The statute provides, in pertinent part:
Every person who, under color of any statute . . . of any State . . . subjects, or causes to be subjected, any citizen of the United States or other person within the jurisdiction thereof to the deprivation of any rights, privileges, or immunities secured by the Constitution and laws, shall be liable to the party injured in an action at law . . . .42 U.S.C. § 1983.
I. PRELIMINARY REVIEW
Pursuant to the Prison Litigation Reform Act ("PLRA") this Court must dismiss any action filed by a prisoner if the Court determines the action (1) "is frivolous" or (2) "fails to state a claim on which relief may be granted." 28 U.S.C. § 1915(e)(2); see 28 U.S.C. § 1915A. The first standard includes claims based upon "an indisputably meritless legal theory," or claims where the "factual contentions are clearly baseless." Clay v. Yates, 809 F. Supp. 417, 427 (E.D. Va. 1992) (quoting Neitzke v. Williams, 490 U.S. 319, 327 (1989)). The second standard is the familiar standard for a motion to dismiss under Fed. R. Civ. P. 12(b)(6).
"A motion to dismiss under Rule 12(b)(6) tests the sufficiency of a complaint; importantly, it does not resolve contests surrounding the facts, the merits of a claim, or the applicability of defenses." Republican Party of N.C. v. Martin, 980 F.2d 943, 952 (4th Cir. 1992) (citing 5A Charles A. Wright & Arthur R. Miller, Federal Practice and Procedure § 1356 (1990)). In considering a motion to dismiss for failure to state a claim, a plaintiff's well-pleaded allegations are taken as true and the complaint is viewed in the light most favorable to the plaintiff. Mylan Labs., Inc. v. Matkari, 7 F.3d 1130, 1134 (4th Cir. 1993); see also Martin, 980 F.2d at 952. This principle applies only to factual allegations, however, and "a court considering a motion to dismiss can choose to begin by identifying pleadings that, because they are no more than conclusions, are not entitled to the assumption of truth." Ashcroft v. Iqbal, 556 U.S. 662, 679 (2009).

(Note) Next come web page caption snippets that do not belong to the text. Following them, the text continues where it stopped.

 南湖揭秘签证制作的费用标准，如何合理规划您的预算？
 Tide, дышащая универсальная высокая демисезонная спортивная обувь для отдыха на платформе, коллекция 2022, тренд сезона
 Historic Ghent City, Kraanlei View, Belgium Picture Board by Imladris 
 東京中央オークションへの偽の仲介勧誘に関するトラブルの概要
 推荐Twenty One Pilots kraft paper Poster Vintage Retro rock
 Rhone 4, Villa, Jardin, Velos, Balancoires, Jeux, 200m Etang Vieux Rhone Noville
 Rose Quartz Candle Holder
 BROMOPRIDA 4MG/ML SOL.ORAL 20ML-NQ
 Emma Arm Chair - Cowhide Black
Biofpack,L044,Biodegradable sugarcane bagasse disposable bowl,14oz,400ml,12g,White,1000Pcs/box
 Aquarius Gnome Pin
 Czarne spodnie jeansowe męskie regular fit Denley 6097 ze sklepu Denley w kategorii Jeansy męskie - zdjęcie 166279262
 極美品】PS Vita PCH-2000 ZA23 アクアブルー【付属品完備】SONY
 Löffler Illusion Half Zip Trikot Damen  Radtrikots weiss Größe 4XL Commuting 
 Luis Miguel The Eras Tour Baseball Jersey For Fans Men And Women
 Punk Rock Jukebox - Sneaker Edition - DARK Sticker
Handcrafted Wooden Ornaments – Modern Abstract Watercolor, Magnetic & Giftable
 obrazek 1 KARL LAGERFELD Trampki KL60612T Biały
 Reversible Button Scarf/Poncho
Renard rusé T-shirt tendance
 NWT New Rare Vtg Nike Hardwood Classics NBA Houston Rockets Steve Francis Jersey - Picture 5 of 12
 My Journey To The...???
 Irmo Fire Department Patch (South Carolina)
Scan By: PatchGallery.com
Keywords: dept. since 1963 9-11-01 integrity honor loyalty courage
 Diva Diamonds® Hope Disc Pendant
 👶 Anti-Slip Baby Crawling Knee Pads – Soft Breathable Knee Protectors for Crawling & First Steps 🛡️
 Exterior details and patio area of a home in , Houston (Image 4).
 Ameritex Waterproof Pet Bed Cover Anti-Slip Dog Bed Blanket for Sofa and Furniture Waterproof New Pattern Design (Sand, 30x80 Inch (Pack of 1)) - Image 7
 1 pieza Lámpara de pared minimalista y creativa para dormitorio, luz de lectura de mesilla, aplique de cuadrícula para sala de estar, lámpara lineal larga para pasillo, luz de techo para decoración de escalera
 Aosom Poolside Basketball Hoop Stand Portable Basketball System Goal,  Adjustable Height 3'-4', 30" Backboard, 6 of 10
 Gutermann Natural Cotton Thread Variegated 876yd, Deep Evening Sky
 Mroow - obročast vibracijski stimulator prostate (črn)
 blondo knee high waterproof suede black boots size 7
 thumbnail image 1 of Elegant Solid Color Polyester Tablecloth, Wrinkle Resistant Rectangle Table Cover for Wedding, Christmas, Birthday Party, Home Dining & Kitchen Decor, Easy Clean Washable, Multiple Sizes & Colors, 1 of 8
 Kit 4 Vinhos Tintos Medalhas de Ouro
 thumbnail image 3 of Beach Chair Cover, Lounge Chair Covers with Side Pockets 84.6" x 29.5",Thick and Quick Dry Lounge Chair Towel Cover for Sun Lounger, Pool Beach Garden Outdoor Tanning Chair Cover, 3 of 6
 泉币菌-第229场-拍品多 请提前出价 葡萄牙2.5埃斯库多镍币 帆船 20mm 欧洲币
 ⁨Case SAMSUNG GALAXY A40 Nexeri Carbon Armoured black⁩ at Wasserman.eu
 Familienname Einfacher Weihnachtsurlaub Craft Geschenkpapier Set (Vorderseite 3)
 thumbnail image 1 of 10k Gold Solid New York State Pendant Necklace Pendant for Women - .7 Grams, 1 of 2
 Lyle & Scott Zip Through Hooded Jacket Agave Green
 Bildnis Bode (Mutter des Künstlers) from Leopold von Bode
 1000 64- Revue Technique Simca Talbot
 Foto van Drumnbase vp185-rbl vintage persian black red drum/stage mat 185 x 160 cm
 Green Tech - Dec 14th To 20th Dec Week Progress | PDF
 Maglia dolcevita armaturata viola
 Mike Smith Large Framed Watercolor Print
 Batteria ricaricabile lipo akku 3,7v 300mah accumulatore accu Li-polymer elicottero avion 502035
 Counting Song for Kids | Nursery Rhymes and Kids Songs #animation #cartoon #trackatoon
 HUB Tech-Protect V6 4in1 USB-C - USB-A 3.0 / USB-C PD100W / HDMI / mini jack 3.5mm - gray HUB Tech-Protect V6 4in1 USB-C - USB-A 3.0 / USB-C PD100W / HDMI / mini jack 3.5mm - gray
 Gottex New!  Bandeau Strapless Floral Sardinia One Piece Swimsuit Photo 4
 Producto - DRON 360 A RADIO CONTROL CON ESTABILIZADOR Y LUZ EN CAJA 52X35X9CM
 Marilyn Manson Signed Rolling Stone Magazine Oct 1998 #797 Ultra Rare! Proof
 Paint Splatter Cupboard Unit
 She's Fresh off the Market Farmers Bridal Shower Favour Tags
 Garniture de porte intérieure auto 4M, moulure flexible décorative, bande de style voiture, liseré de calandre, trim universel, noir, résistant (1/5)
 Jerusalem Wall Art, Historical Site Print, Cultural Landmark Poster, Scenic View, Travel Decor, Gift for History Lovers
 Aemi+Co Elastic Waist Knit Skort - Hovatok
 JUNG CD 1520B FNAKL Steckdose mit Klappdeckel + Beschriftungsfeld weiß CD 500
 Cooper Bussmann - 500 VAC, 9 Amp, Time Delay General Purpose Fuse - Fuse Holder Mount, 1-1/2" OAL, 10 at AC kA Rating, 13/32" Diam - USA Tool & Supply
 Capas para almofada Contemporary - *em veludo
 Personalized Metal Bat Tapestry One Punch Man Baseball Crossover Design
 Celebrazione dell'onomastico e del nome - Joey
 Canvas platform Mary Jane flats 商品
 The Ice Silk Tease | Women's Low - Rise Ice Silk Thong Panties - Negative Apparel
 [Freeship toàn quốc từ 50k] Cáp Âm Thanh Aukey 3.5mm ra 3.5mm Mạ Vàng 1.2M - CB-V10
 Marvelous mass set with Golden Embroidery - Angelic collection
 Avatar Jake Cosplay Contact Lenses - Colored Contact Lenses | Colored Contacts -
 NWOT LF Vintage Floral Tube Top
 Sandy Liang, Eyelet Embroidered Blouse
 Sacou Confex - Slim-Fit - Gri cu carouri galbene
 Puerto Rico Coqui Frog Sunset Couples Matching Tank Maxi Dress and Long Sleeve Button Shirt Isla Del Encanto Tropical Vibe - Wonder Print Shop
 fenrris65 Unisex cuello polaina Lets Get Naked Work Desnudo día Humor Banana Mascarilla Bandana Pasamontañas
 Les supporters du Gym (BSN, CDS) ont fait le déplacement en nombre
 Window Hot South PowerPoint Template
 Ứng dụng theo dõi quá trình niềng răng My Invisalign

The Federal Rules of Civil Procedure "require[] only 'a short and plain statement of the claim showing that the pleader is entitled to relief,' in order to 'give the defendant fair notice of what the . . . claim is and the grounds upon which it rests.'" Bell Atl. Corp. v. Twombly, 550 U.S. 544, 555 (2007) (second alteration in original) (quoting Conley v. Gibson, 355 U.S. 41, 47 (1957)). Plaintiffs cannot satisfy this standard with complaints containing only "labels and conclusions" or a "formulaic recitation of the elements of a cause of action." Id. (citations omitted). Instead, a plaintiff must allege facts sufficient "to raise a right to relief above the speculative level," id. (citation omitted), stating a claim that is "plausible on its face," id. at 570, rather than merely "conceivable." Id. "A claim has facial plausibility when the plaintiff pleads factual content that allows the court to draw the reasonable inference that the defendant is liable for the misconduct alleged." Iqbal, 556 U.S. at 678 (citing Bell Atl. Corp., 550 U.S. at 556). In order for a claim or complaint to survive dismissal for failure to state a claim, the plaintiff must "allege facts sufficient to state all the elements of [his or] her claim." Bass v. E.I. DuPont de Nemours & Co., 324 F.3d 761, 765 (4th Cir. 2003) (citing Dickson v. Microsoft Corp., 309 F.3d 193, 213 (4th Cir. 2002); Iodice v. United States, 289 F.3d 270, 281 (4th Cir. 2002)). Lastly, while the Court liberally construes pro se complaints, Gordon v. Leeke, 574 F.2d 1147, 1151 (4th Cir. 1978), it does not act as the inmate's advocate, sua sponte developing statutory and constitutional claims the inmate failed to clearly raise on the face of his complaint. See Brock v. Carroll, 107 F.3d 241, 243 (4th Cir. 1997) (Luttig, J., concurring); Beaudett v. City of Hampton, 775 F.2d 1274, 1278 (4th Cir. 1985).
II. ALLEGATIONS
In his Complaint, Jenkins argues that his First, Fifth, Sixth, and Fourteenth Amendment rights were violated during his state criminal proceedings. (Compl. 3.) Jenkins identifies as Defendants, the City of Virginia Beach, Va Municipality, Will Sessoms, the former Mayor of Virginia Beach, David L. Hansen, the City Manager of Virginia Beach, and Carmen Widgeon, a city employee of Virginia Beach. (Id.) Jenkins contends that:
The Court employs the pagination assigned by the CM/ECF docketing system to Jenkins's Complaint. The Court corrects the spelling, punctuation, and capitalization in the quotations from Jenkins's Complaint.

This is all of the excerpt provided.